Besides making use of the geodatabase, building the reverse geocoding engine involves additional development programming. It requires calculations using algorithms measuring the distance between two points on the earth. Here is an example of one of the formula
References
Arc(AB) = R x Arccos [cos(lat1) cos (lat2) cos (lon) + sin (lat1) sin (lat2)]
Lat : latitude in degrees
Long : longitude in degrees
R : Earth radius = 6378 km average radius at equator
For the current project designed for a real estate agency, the application is making use of data captured by a mobile GPS device. Navi and Map reverse geocoding engine is able to return information on the location plotted on the map with details on the nearest street or road name, and details on the geographic area demarcation where the point falls in, such as which city and suburb. Additionally, it can also provide supplementary information like distance to major landmarks, or any particular point of interest.
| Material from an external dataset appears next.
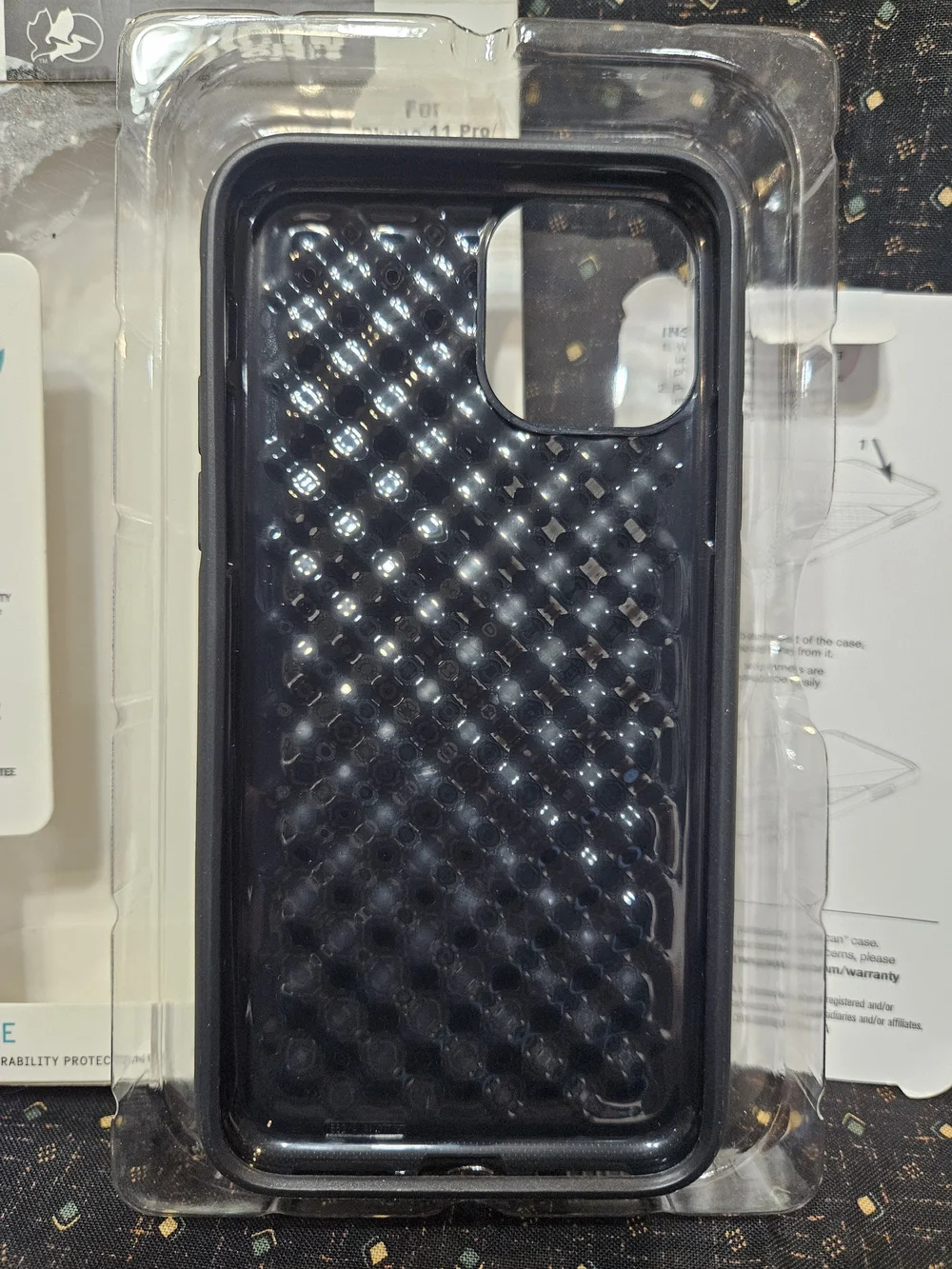 Pelican Rogue Case for iPhone in Black with Tempered Glass Screen Protector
From the geodatabase available in Navi and Map, the points of interests were classified by range of priority and selected upon the user interests.
For this project, the mapping application developed by Navi and Map needed to be coupled with a SMS gateway to get request and send back response to the user, after processing the data transferred as text information. The system required a customized Application Programming Interface to be provided for integration with the telecommunication devices.
Cf Figure 4: The reverse geocoding simulation display
Conclusion
Geocoding is the immediate and necessary gateway step to locate and mapped accurately address data. The process of getting the latitude and longitude of a record relies mainly on the database made available for searching and matching. It is essential to focus on the database content and structure in order to be able to run a geocoder. In Malaysia, ready made address data bank in a GIS environment are not available, and this lack of adequate references implies building a system able to cope with missing records and discrepancies. However the performance of the geocoding engine and interpolation methods, the data capture still remains the foundation for providing geocoding services. Continuous efforts have to be made and centralized to build up standardized geographical referenced data in this regard. Once the system can be put in place, it provides ability to perform a large number of location based services. The number of applications for a spatially enabled government is exhaustive. Geocoding can be used for emergency response systems, enforcement command and control systems, etc… Business applications that can make use of such system can also be very rewarding.
For instance, reverse geocoding standard services and commercial applications can include vehicules tracking, insurance providers services, friend finder, find nearest point of interest and push marketing.